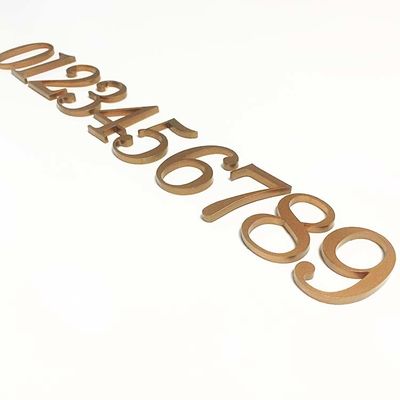 علامت شماره درب اکریلیک جامد علامت اکریلیک برش مسطح CE ROHS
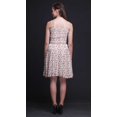 thumbnail image 4 of Bimba Robe de Cocktail Florale pour Femme, Smockée, au-Dessus du Genou, Fluide, d'Été, Robe Soleil - Petit, 4 of 5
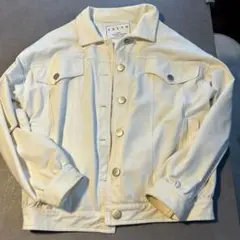 値下げ）ENVYM ホワイト デニムジャケット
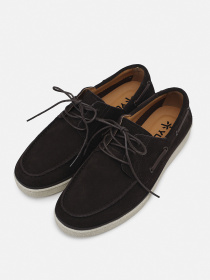 Мокасины мужские  цвет шоколад ЦБ-00289049 модель ЦБ-00289049 Фото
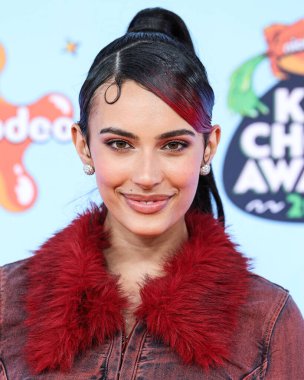 American actress, singer, songwriter, dancer, and social media personality Kylie Cantrall arrives at the 2025 Nickelodeon Kids' Choice Awards (38th Annual Nickelodeon Kids' Choice Awards) held at Barker Hangar on June 21, 2025 in Santa Monica, LA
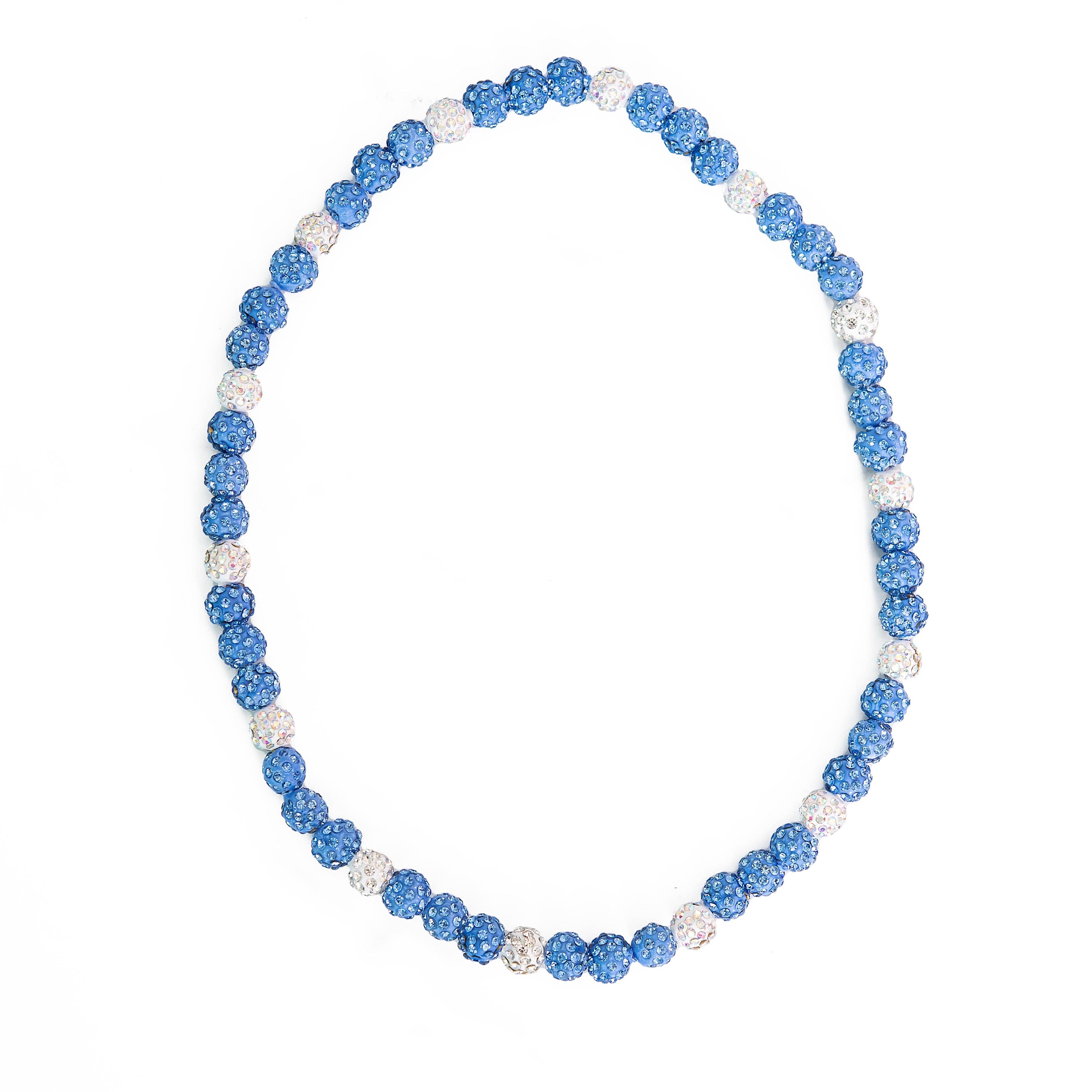 Golden Thread – wholesale Pärlband/Pärlhalsband – Bling Baseball Halsband10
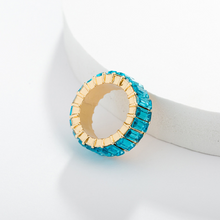 Load image into Gallery viewer, Colorful Bohemian Cubic Zirconia Rainbow Rings
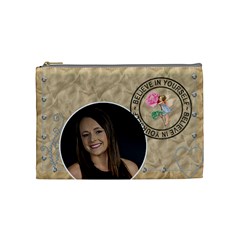 Believe Medium Cosmetic Bag (7 styles) - Cosmetic Bag (Medium)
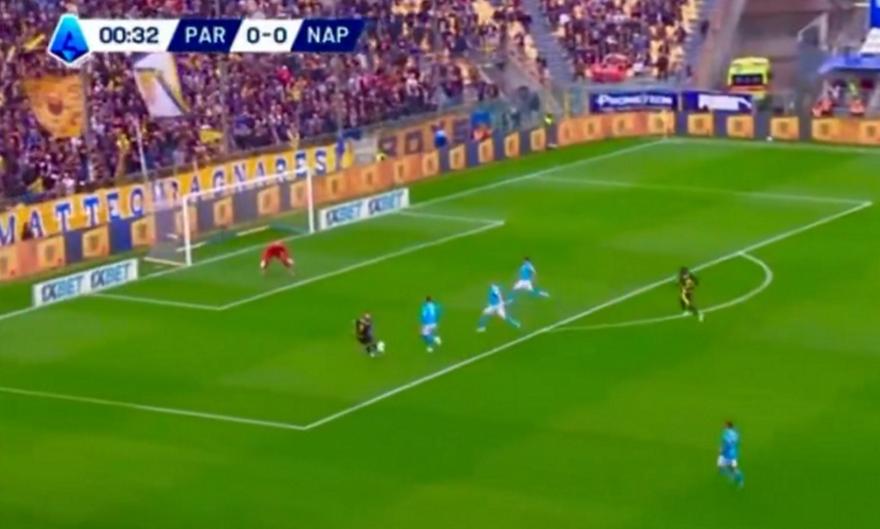 Μαγικό πλασέ του Στρεφέτσα και γκολ στα 33 δευτερόλεπτα για την Πάρμα!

• Requirement: In the answer, repeat exactly the lines from the top of the entries above through the line with "модель ЦБ-00289049 Фото", and leave pictures out of it.

• Result of the task:
 علامت شماره درب اکریلیک جامد علامت اکریلیک برش مسطح CE ROHS
 thumbnail image 4 of Bimba Robe de Cocktail Florale pour Femme, Smockée, au-Dessus du Genou, Fluide, d'Été, Robe Soleil - Petit, 4 of 5
 値下げ）ENVYM ホワイト デニムジャケット
 Мокасины мужские  цвет шоколад ЦБ-00289049 модель ЦБ-00289049 Фото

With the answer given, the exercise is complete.